TASK: Find the word "bedroom" in the material below and gather every line that contains it.

[[ PROVIDED DATA, beginning ]]

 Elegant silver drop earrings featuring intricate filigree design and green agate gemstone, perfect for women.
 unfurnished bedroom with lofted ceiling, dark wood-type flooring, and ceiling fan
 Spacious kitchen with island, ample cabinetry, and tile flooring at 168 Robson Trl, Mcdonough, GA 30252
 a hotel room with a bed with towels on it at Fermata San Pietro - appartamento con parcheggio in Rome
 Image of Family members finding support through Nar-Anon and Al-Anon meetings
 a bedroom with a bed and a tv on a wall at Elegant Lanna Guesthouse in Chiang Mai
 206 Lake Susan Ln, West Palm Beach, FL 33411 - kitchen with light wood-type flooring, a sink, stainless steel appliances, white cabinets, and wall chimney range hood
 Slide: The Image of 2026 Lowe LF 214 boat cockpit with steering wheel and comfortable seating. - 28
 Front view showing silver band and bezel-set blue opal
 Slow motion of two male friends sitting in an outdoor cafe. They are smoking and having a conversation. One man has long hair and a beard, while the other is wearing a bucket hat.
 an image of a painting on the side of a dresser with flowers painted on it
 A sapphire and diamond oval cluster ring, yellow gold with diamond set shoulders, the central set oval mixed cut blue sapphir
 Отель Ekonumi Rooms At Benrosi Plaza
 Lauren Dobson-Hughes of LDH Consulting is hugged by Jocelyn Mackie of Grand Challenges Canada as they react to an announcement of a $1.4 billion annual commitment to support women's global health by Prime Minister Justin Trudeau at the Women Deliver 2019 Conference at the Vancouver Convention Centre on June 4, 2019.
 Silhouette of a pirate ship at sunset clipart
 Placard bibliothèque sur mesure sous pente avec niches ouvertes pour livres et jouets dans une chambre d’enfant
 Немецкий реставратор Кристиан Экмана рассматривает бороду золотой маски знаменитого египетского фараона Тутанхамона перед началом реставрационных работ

[[ PROVIDED DATA, end ]]

THE COMPLETED TASK:
 unfurnished bedroom with lofted ceiling, dark wood-type flooring, and ceiling fan
 a bedroom with a bed and a tv on a wall at Elegant Lanna Guesthouse in Chiang Mai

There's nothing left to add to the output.